WHAT TO PRODUCE
Please write out all the entries exactly, without the pictures.
*** MATERIAL FOR THIS TASK ***
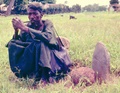 priest_with_standing_stone.jpg
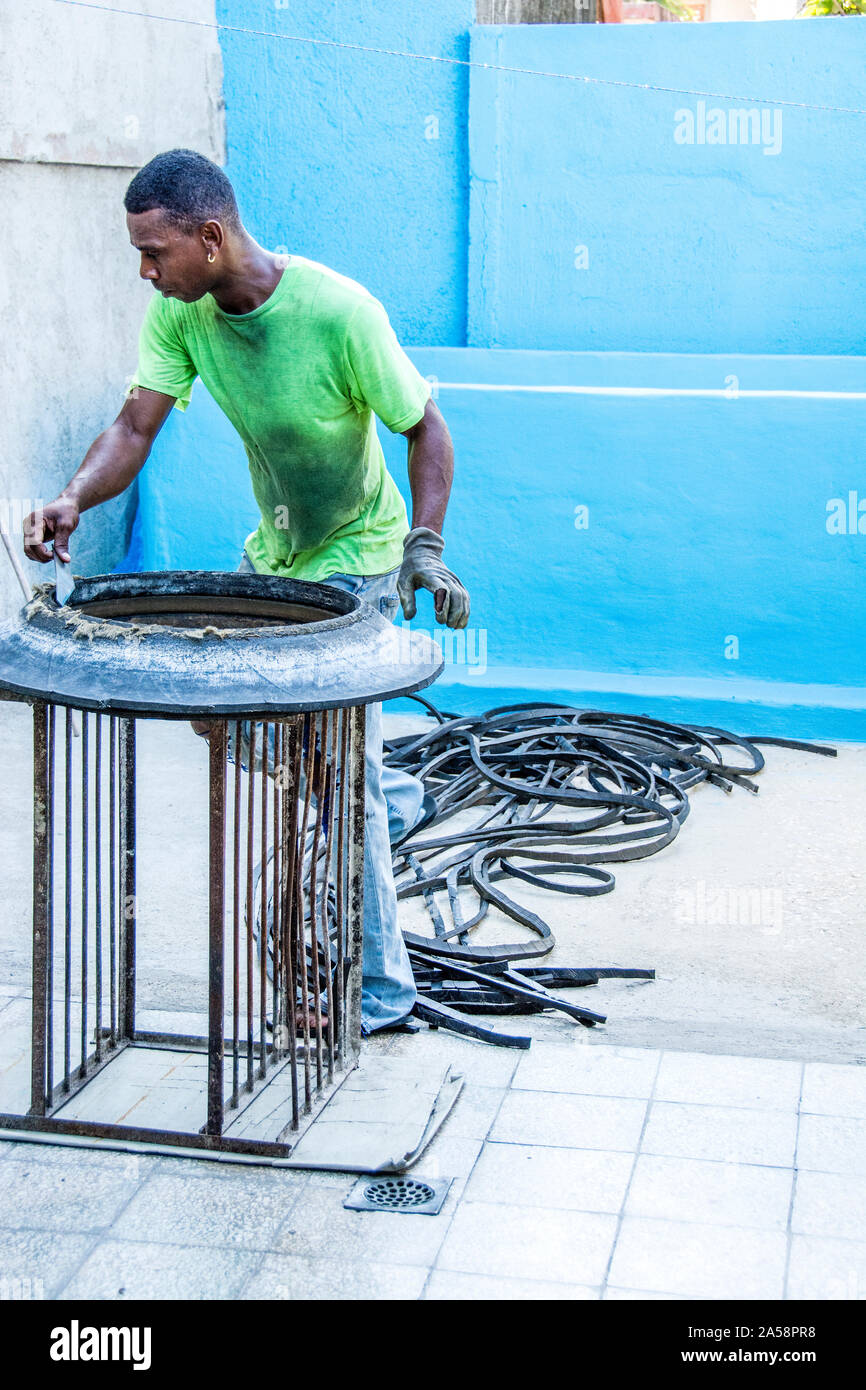 A man using a tool to cut rubber from tires that he then uses to sell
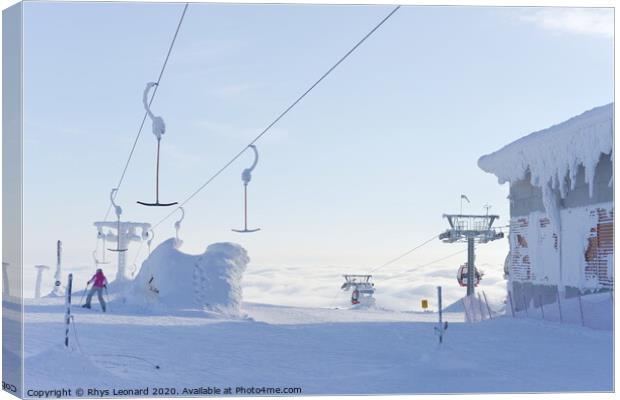 At the top of ski lifts rising above the clouds in Finland. Canvas Print by Rhys Leonard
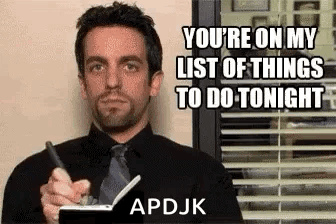 A Man In A Suit And Tie Is Holding A Pen And A Notebook . GIF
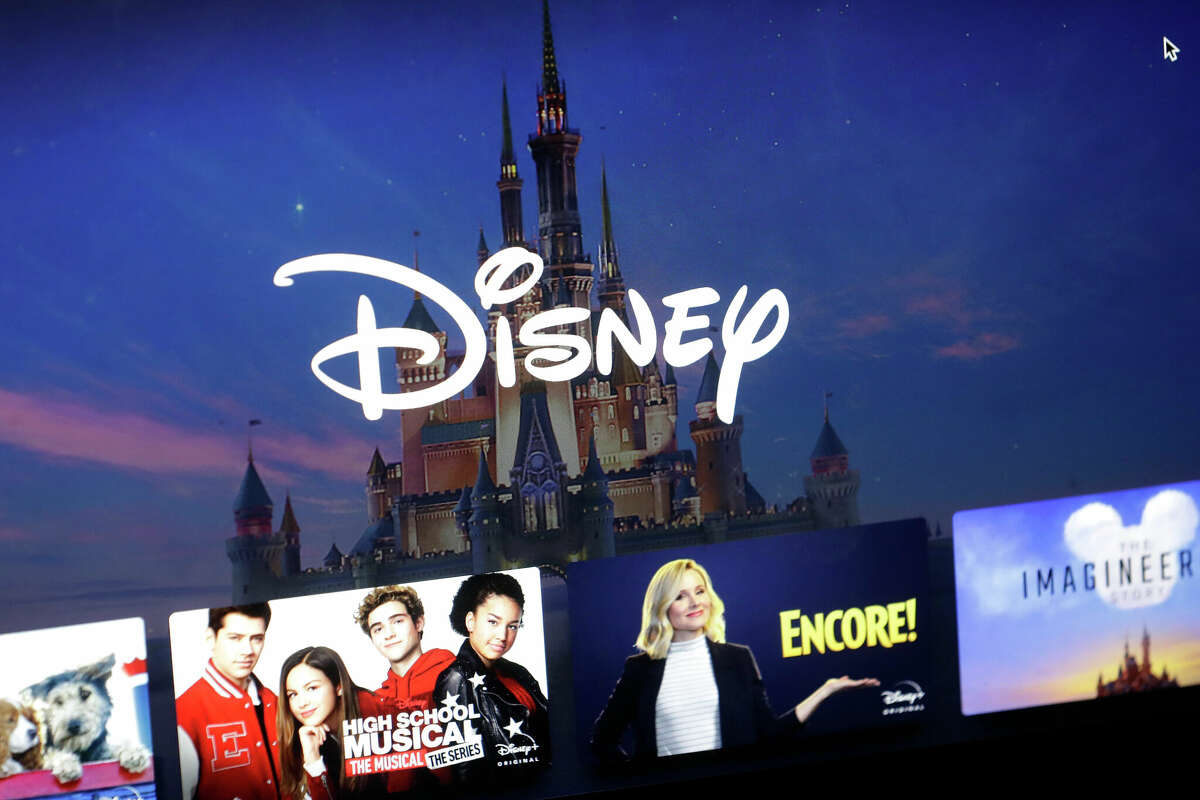 FILE - In this Wednesday, Nov. 13, 2019, file photo, a Disney logo forms part of a menu for the Disney Plus movie and entertainment streaming service on a computer screen in Walpole, Mass. Streaming services ranging from Netflix to Disney+ want us to stop sharing passwords. That's the new edict from the giants of streaming media, who hope to discourage the common practice of sharing account passwords without alienating their subscribers, who've grown accustomed to the hack. (AP Photo/Steven Senne, File)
*** End of MATERIAL FOR THIS TASK ***
YOUR RESPONSE
 priest_with_standing_stone.jpg
 A man using a tool to cut rubber from tires that he then uses to sell
 At the top of ski lifts rising above the clouds in Finland. Canvas Print by Rhys Leonard
 A Man In A Suit And Tie Is Holding A Pen And A Notebook . GIF
 FILE - In this Wednesday, Nov. 13, 2019, file photo, a Disney logo forms part of a menu for the Disney Plus movie and entertainment streaming service on a computer screen in Walpole, Mass. Streaming services ranging from Netflix to Disney+ want us to stop sharing passwords. That's the new edict from the giants of streaming media, who hope to discourage the common practice of sharing account passwords without alienating their subscribers, who've grown accustomed to the hack. (AP Photo/Steven Senne, File)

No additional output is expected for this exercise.